I mean, there were twenty chapters of reading to do for the first week, but, again, it's the circumstances coupled with this steady wearing-down that makes the tired hit a little bit differently at the moment.  

There are lot of things happening in our world right now that I don't feel I have the emotional capital to address to the degree that A) I would like to and B) that they rightfully deserve, particularly when silence is taking the side of the oppressor.  And thus, the world and what's going on with it adds another dimension to the pendulum swinging, the "how can you be worried about yourself when there is so much injustice in the world?" direction, too.

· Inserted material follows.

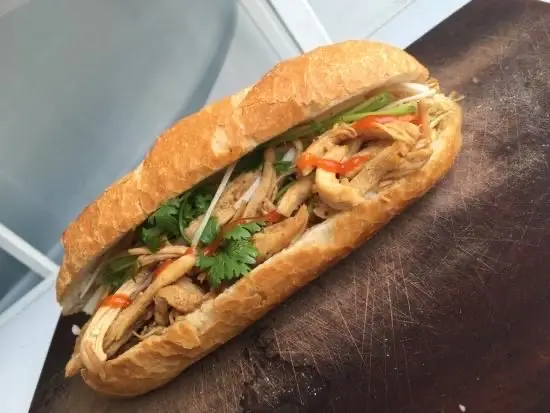 Hình ảnh Bánh mì da gà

And on the X, Y, and Z axis, whelp, it gets all the more dizzying.  
Or maybe something more like this
In short, I'm adjusting.  There's a lot to suss out with this change, yet, and I am confident that I will find my feet in time in the same breath that I can be gentle with myself while doing so.  I am thoroughly determined to learn as much as possible with this opportunity and have specific goals in that which will be accomplished, one way or another.  There will be different, unexpected blocks along the way, and I will be allowed to be frustrated in those moments while still ultimately confident in where I will be--all pieces exist in the same space, and I'm allowed to feel the complexity of that.  There will be peace as the swing arm slows down a bit, and there will be grace until it does.